Schritt 4 – Scope Conditions & Modifiability (6–8 Min.)

Ich grenze den Geltungsbereich meiner Typologie: Für welche Situationen/Felder gilt sie, wo nicht? Ich notiere 2–3 Scope Conditions (z. B. „öffentlicher Raum“, „keine harten Sanktionsanreize“, „temporäre Koordination“). Danach prüfe ich Modifiability (Glaser 1992): Wo und wie müsste ich meine Typen anpassen, wenn neue Daten auftauchen?

Schritt 5 – Negativfälle & Umkipppunkte (5 Min.)

Ich wähle gezielt zwei Negativ-/Randfälle (aus Übung 3, 6) und vermerke die Umkipppunkte (Trigger), an denen mein Typ in einen anderen übergeht (z. B. „Durchsage“, „Sicherheitsintervention“, „plötzlicher Affektimpuls“). Daraus entsteht eine kurze Transitionslogik zwischen den Typen.

Schritt 6 – Typologie-Memo (5 Min.)

Ich schreibe ein 8–10-Satz-Memo: Warum diese Dimensionen? Wodurch unterscheiden sich die Typen? Welche Übergänge sind wahrscheinlich? Was wäre eine klare Widerlegung?

Qualitative Dokumentation

  • 2×2-Conditional-Matrix (Foto oder Skizze),
  • 2–4 Typen (Arbeitsnamen, 2–3 Eigenschaften, je 1 theoretischer Satz + Belegstellen),
  • 3 Scope Conditions,
  • Liste von 2 Negativfällen + je 1 Umkipppunkt,
  • Typologie-Memo (8–10 Sätze).

Fiktives Sprachmuster (heuristisch; wird empirisch geprüft)

„Wenn die Anzeige ausfällt (Regelklarheit↓) und der Bahnsteig voll ist (Dichte↑), entsteht Taktisches Schlangestehen. Kommt eine klare Durchsage (Trigger), kippt der Typ in Formalisierte Ordnung; spontane Blickkoordination nimmt ab, Sanktionen übernehmen.“

Forschungstagebuch

Ich reflektiere in 3–4 Sätzen: Welcher Typ ist mir „sympathisch“ – und warum?
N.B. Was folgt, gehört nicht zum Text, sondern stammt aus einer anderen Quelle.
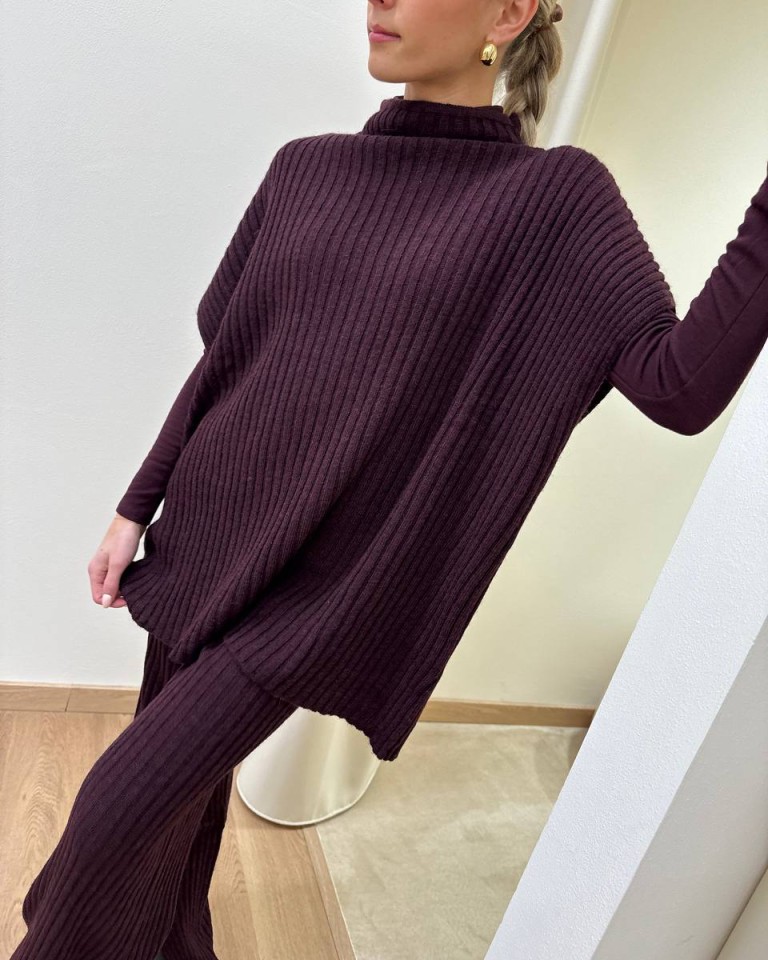 Maglia a coste over smanicata collo a cratere melanzana Kontatto Shop Online Maglia a coste over smanicata collo a cratere melanzana Kontatto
Wo hat meine Vorliebe die Grenzziehung beeinflusst? Welche Szene sammle ich als Nächstes, um einen Umkipppunkt gezielt zu beobachten?

Leitfragen für die Selbstreflexion

  • Erklären meine Typen Variation (innerhalb/between cases) – oder nur Idealbilder?
  • Welche Belege stützen die gewählten Dimensionen als „Leitachsen“ der Erklärung?
  • Wie formuliere ich Scope Conditions so, dass sie prüfbar sind?
  • Welche neuen Daten würden meine Typologie modifizieren – nicht zerstören?

Literatur

  • Charmaz, K. (2014). Constructing grounded theory (2nd ed.). Sage.
    Constructing grounded theory. (Sage College Publishing)
  • Corbin, J., & Strauss, A. (2015). Basics of qualitative research (4th ed.). Sage.
    Basics of qualitative research. (Sage Publications)
  • Glaser, B. G. (1978). Theoretical sensitivity. Sociology Press.
    Theoretical sensitivity: Advances in the methodology of Grounded Theory. (Sociology Press)
  • Glaser, B. G. (1992). Basics of grounded theory analysis: Emergence vs. forcing. Sociology Press.
    Basics of grounded theory analysis: Emergence vs. forcing. (Sociology Press)
  • Glaser, B. G., & Strauss, A. L. (1967). The discovery of grounded theory. Aldine.
    The discovery of grounded theory: Strategies for qualitative research. (Taylor & Francis)
  • Strauss, A. L. (1987). Qualitative analysis for social scientists. Cambridge University Press.
    Qualitative analysis for social scientists. (Cambridge University Press & Assessment)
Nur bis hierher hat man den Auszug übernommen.